■ Material supplied:
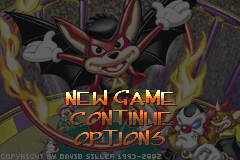 Screenshot from Aero the Acro-Bat (Europe)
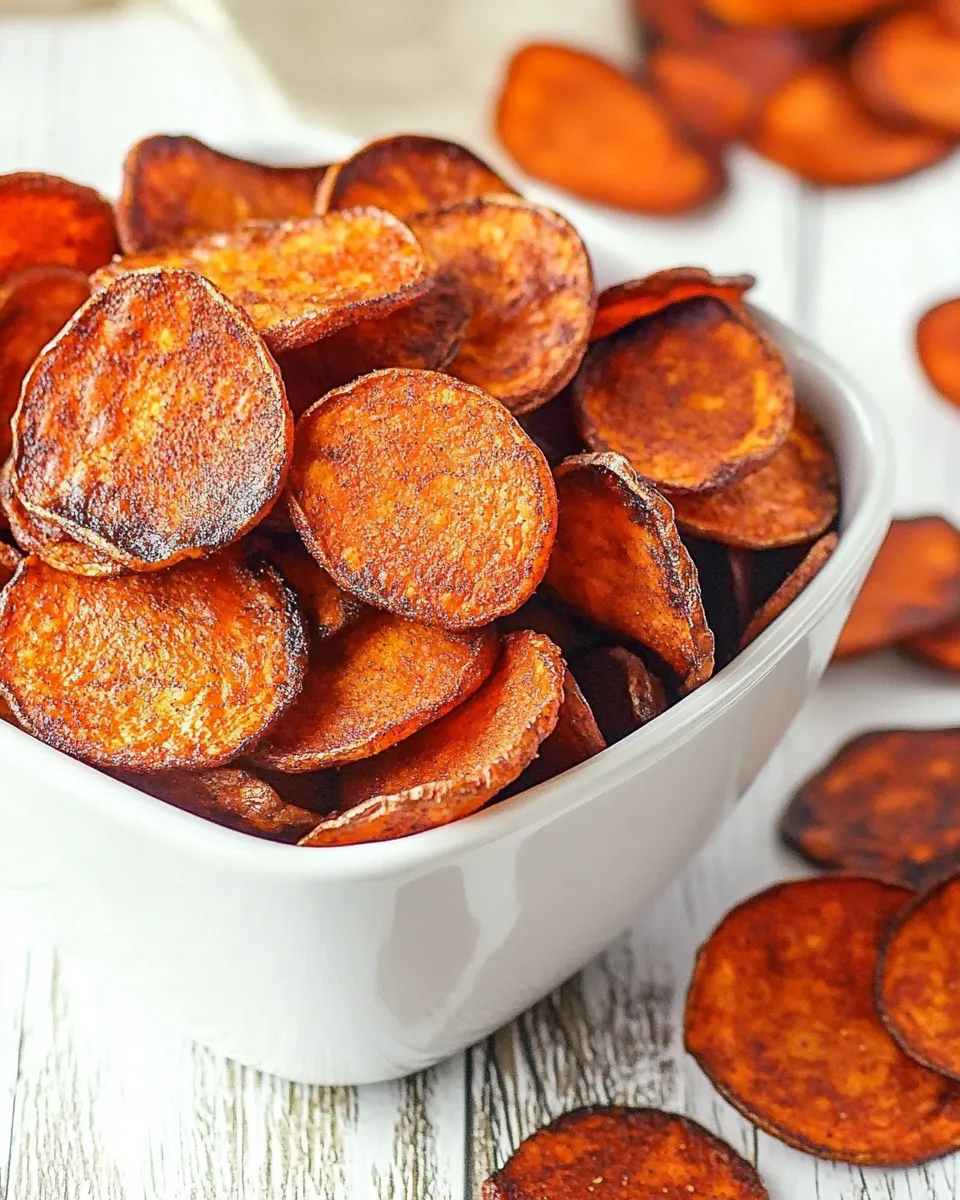 Easy Air Fryer Carrot Chips picture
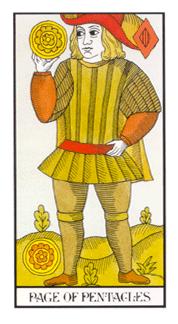 Page of Pentacles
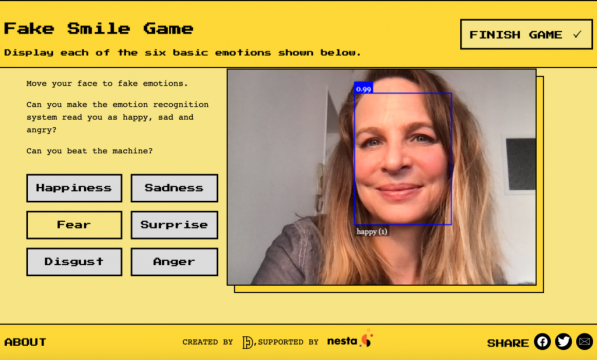 Scientists Create Online Game To Show Risks Of Ai Emotion Recognition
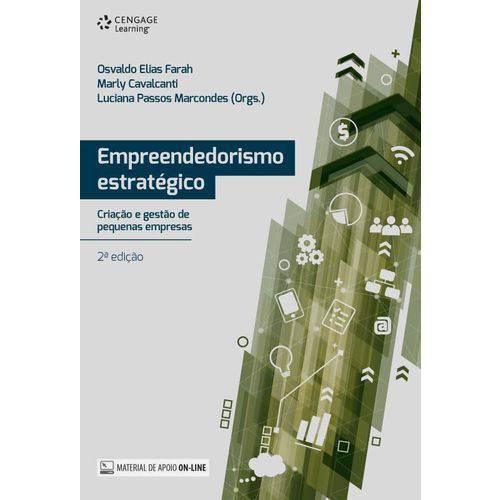 Tamanhos, Medidas e Dimensões do produto Empreendedorismo Estrategico - 2ª Ed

■ Task goal: Take the lines from the one containing "Easy Air Fryer Carrot Chips picture" through the final line of the listing above and print them exactly, including both ends but no pictures.

■ Result below:
 Easy Air Fryer Carrot Chips picture
 Page of Pentacles
 Scientists Create Online Game To Show Risks Of Ai Emotion Recognition
 Tamanhos, Medidas e Dimensões do produto Empreendedorismo Estrategico - 2ª Ed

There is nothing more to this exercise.